Lookers (LSE: LOOK) has proved nothing short of a nightmare for its shareholders during the past 12 months.
It’s no shock to this Fool at least, though I take no pleasure in saying this. I was tipping the UK’s car retailers as rock-solid sells more than a year ago amid painful slumps in new vehicle demand. The 52% collapse in Lookers’s stock price in that time should come as a warning to any of those dip-buyers emerging more recently who are intent to nip in and grab a bargain.
Sure, the small cap might boast a mind-bendingly low forward P/E ratio of 3.7 times, a reading that’s well inside the accepted bargain terrain of 10 times and below. It might carry a jumbo corresponding dividend yield of 8.1%, too. But I for one won’t be touching it with a bargepole.
Stuck in reverse
It’s not just that new car registrations in the UK continue to implode, either, a trend which is showing signs of accelerating if anything. The latest report from the Society of Motor Traders and Manufacturers (SMMT) showed vehicle sales slump 4.6% in May, dragging the average for the year to date down to reveal a 3.1% fall.
Lookers generates 32% of gross profits from new unit sales, so these worsening statistics should come as huge concern. This, however, is just one half of the problem facing the retail giant as demand for used cars — a segment that creates exactly a quarter of profits for the group — has also remained under pressure of late.
The SMMT’s latest report on pre-owned sales showed a 0.6% drop in the first three months of 2019, following on from the 0.7% decline punched in the final quarter of last year.
The bad news keeps on coming
It moves me not an inch that Lookers put in a solid-enough trading update in late May, in which it declared a 3% sales improvement for its new car division for the three months to March, and an even-better 8% for its pre-owned units, too.
Its core aftersales divisions, responsible for around 40% of gross profits, may be stealing the show too and giving shareholders something to cheer about (sales here rose 11% in the last quarter). To my mind, however,this provides little reason to be optimistic, though, as the bulk of its other operations face a frankly terrifying outlook, one which is in danger of worsening as the threat of an economically damaging ‘no deal’ Brexit grows.

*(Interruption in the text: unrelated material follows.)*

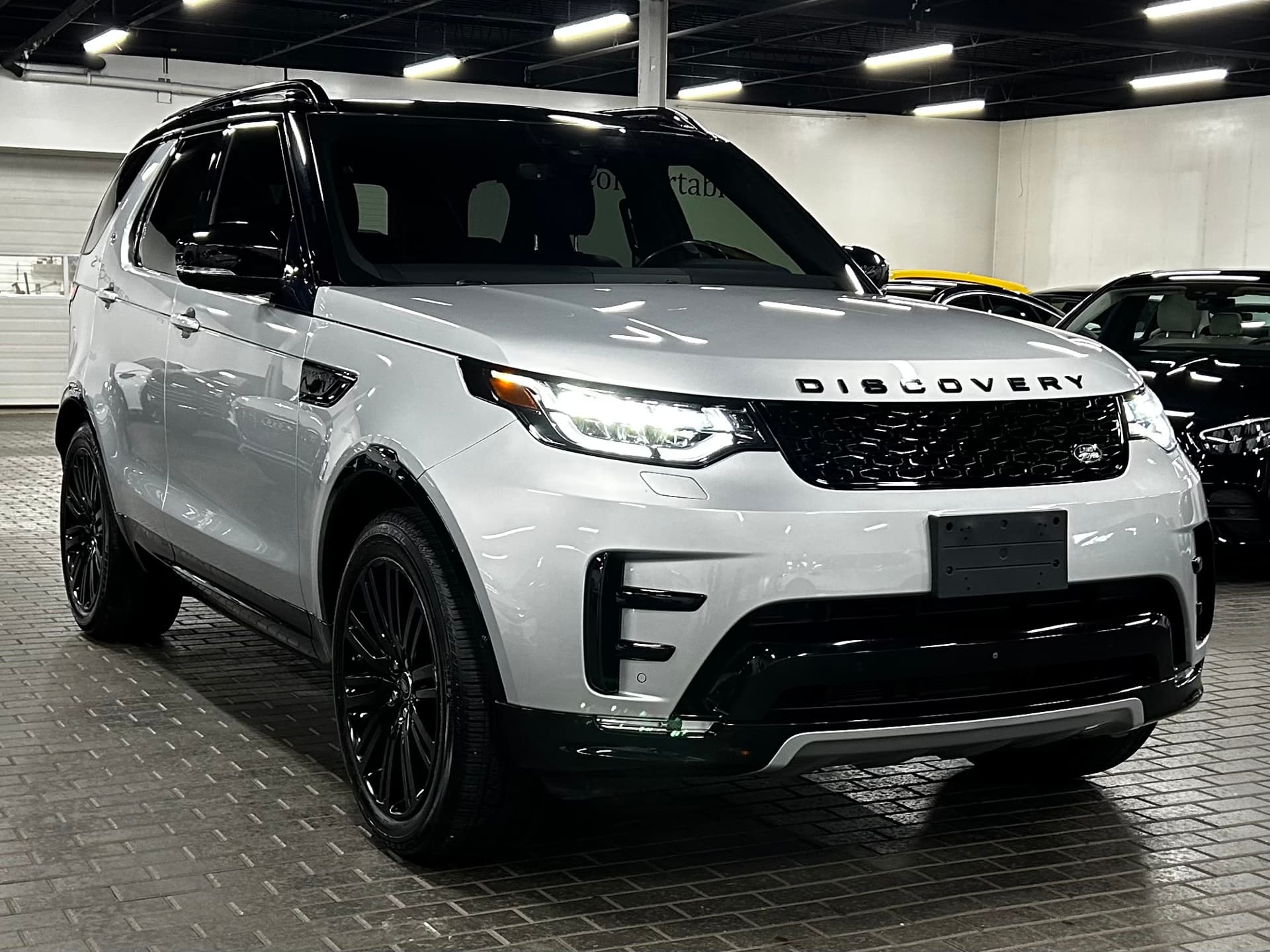 2019 Land Rover Discovery HSE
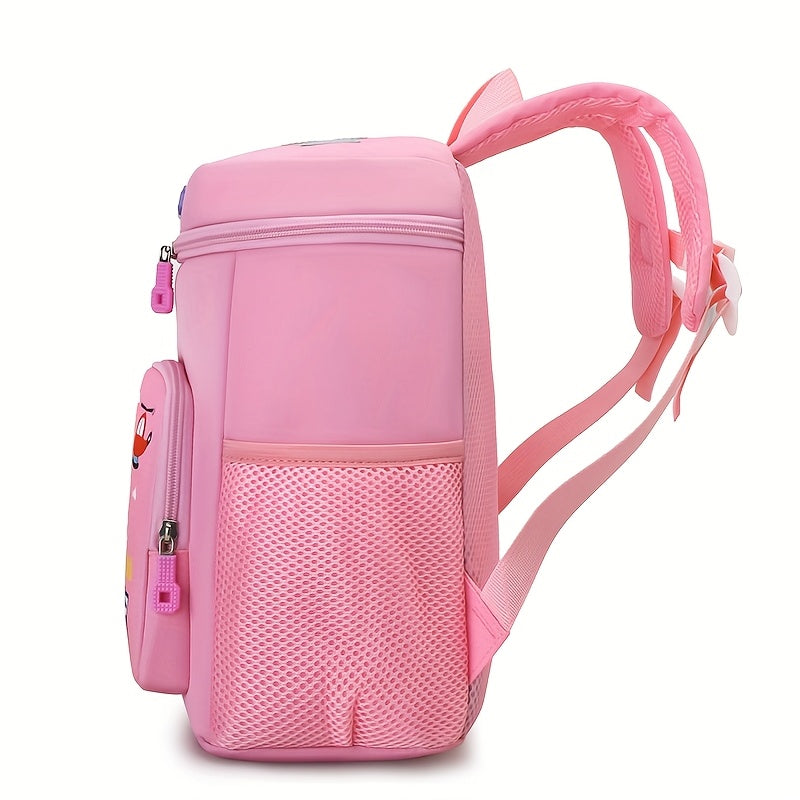 Kids Unicorn Princess Backpack Waterproof Lightweight Foldable School Bag for Ages 3-6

And as if things weren’t bad enough, Lookers also shook the market last week by announcing that the Financial Conduct Authority was investigating its sales processes for the period spanning January 1 2016 to the middle of this month. The retailer said that it “cannot estimate what effect, if any, the outcome of this investigation may have,” as one would expect, meaning that investors should also be wary of a whopping great fine coming its way.
All in all there’s plenty to be fearful about for Lookers, and very few reasons to expect its share price to spring higher again. It’s a share only for the extremely brave or the foolhardy, in my opinion, and I for one will continue to avoid it like the plague.